東京電力をはじめ、原発を保有する9電力(沖縄電力を除く)に対する長期貸出金残高は、2010年3月末時点で4兆9000億円あるが、このうち約3割に当たる1兆4000億円を日本政策投資銀行が貸し出している。電力会社の原発比率は約30%だから、政投銀の貸出残高のうち約4700億円が原発向けという見方もできる。ただ、電力会社の資金調達では、長期借り入れよりも社債発行による調達が多い。

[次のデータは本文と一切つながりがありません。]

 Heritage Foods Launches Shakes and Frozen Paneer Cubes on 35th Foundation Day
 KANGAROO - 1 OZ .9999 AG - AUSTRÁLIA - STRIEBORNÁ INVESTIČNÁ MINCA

2009年度有価証券報告書(2010年3月末時点)に基づいて、9電力の負債サイドを調べると、長期借入金は総額で4兆9000億円、社債発行額は12兆2600億円。大手金融機関は長期貸出のほか、社債の大口引き受け手でもあるが、引受額の開示情報は電力会社の資料ではわからない。

 大口貸出先ごとにみると、政投銀が9電力すべてに対して大口の長期資金を貸し出しており、そのうち四国電力を除く8電力では、トップの借入先となっている。今回、福島原発事故を引き起こした東京電力に対する同銀行の長期貸出額は3500億円で、9電力の中でももっとも多い。

 同銀行以外では、大手生保が各電力に対する上位の長期貸し手として登場している。日本生命が東電、関電などを中心に4700億円の残高を抱えるほか、住友生命、第一生命なども上位に名を連ねる。日生、住生、第一生命、明治安田の4大手生保全体で、9200億円強の残高となる。生保は社債の大口引き受けてでもある。生保各社は同時に、大口株主でもある。特に日生は、9電力すべての上位ランキングに登場する。

 株主構成では、地方自治体の大口保有も目に付く。東電では東京都が3.15%の保有割合を占めるほか、関電では大阪市が8.85%で筆頭株主になっている。また神戸市も2.89%を保有。東北電力では仙台市が1.03%、宮城県が0.88%を保有している。